Risk controls an LLM cannot override
A prompt is a request. A guardrail is a control. When an AI agent can place real orders, the difference is the whole safety story.
An AI agent that can place orders can also place the wrong one. Not because it is reckless, but because it is a language model. It works from a context window that can go stale, it can fire the same tool call twice, and it can be steered by text it reads mid task. Telling the model to be careful adds a sentence to a prompt. It does not add a limit the software cannot cross.
The fix is not a better prompt. It is to move the risk decision out of the model entirely and put it in a place the model cannot reach.
Why a prompt is not a control
A prompt lives inside the thing you are trying to constrain. Anything expressed as instructions to the model can be overridden by other instructions to the model: a jailbreak, a prompt injection buried in a data feed, or simply a long conversation where the earlier guidance falls out of context. If the only thing standing between an agent and a 40 lot is a line of system prompt, then the limit is advisory.
A control lives outside the model. It does not ask the agent to behave. It checks the order the agent produced and refuses the ones that break a rule. The agent can propose anything. The engine still only allows what fits your limits.
The threat model of an agent with order access
These are the failure modes a hard control has to survive:
- Size and symbol typos. A misplaced digit turns a 2 lot into a 20 lot. A cap on contracts per order refuses it.
- Stale context. The agent acts on a position it already closed, or a session that already ended. Position caps and the trading window refuse it.
- Duplicate tool calls. A retry or a loop fires the same order twice. Duplicate protection and per-minute rate caps refuse it.
- Runaway loops. An agent stuck in a cycle tries to spray the book. Rate limits and the kill switch stop it.
- Prompt injection. Text in a data source tells the agent to flatten and reverse. The engine does not read prompts, so it does not care what the text said. It checks the order against your rules.
Where the control has to live
In PitBridge, the guardrail engine is a pure, deterministic function. Given an order, the account state and the clock, it returns allow, block with a reason code, or require confirm. It performs no network calls and holds no model. Every order the agent sends over MCP or the local REST API passes through the same frozen pipeline, and no code path reaches the account without it.
What "cannot override" means in practice
- Rules load from a config file.

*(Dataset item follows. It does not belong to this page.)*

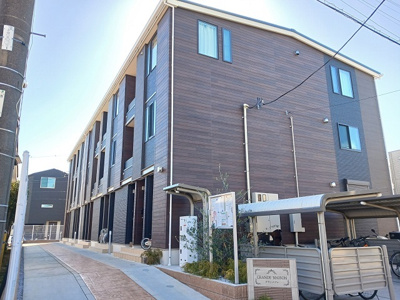 【外観】 | GRANDE　MAISON | 2023年3月築！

The agent has no tool to read it and no tool to write it.
- Arming a live account is a command line ritual. It is deliberately not exposed as an agent tool.

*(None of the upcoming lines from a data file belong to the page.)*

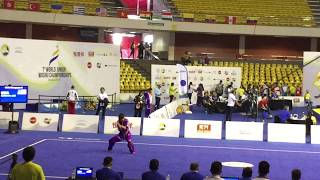 Catherine Luo - 7th World Junior Wushu Championships - Long Fist (Changquan)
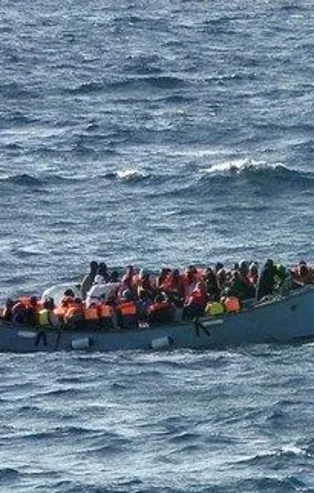 Çanakkale'de 45 düzensiz göçmen yakalandı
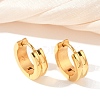 304 Stainless Steel Polishing Effect Hoop Earrings EJEW-M001-33G-1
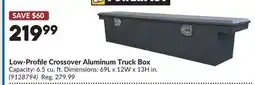 Princess Auto Low-Profile Crossover Aluminum Truck Box offer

- Un-arming the kill switch is command line only. An agent cannot re-open a bridge you closed.
- Changing a limit changes a config checksum that is written into the audit log, so a silent edit leaves a trace.
None of this promises a profit or a passed evaluation. It promises something narrower and checkable: the software refuses orders that break the limits you set, and it tells you why.
Questions
Can an AI agent bypass the guardrails with a clever prompt?

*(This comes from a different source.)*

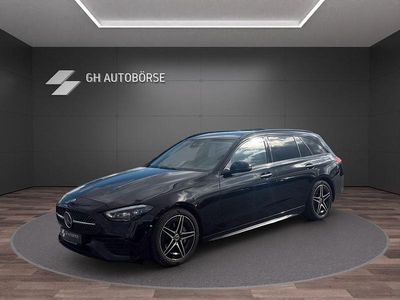 Gebraucht Mercedes C300 AMG line 265 PS (194 kW) 2021 Schwarz Limousine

No. The guardrails run in the daemon, not in the model. A prompt can change what the agent proposes, but it cannot change what the engine allows. Rules load from a config file the agent has no tool to read or write, and no tool call reconfigures a rule at runtime.
Is this a risk-management strategy?
No. PitBridge defines no entries, no exits and no position sizing logic of its own. It enforces the numeric limits you enter. You bring the trading approach and the agent. The engine only refuses orders that break your configured limits.
Do guardrails guarantee I will not lose money?
No. A guardrail refuses new orders that break a limit. It cannot change what an open position does, and a market can move through a resting stop. Guardrails cap the orders the agent can send. They make no promise about outcome.
What happens when a rule blocks an order?
The order never reaches NinjaTrader 8. The agent receives a typed error with a reason code, and the decision is appended to a hash-chained audit log you can query with pitbridge audit why.
Where do the limits come from?
From a per-account config file you edit. PitBridge does not fill in your prop firm's numbers. You read your firm's rules and set the values you intend to trade under. See the guardrails page for the full list.
PitBridge is in development. NinjaTrader 8 is first.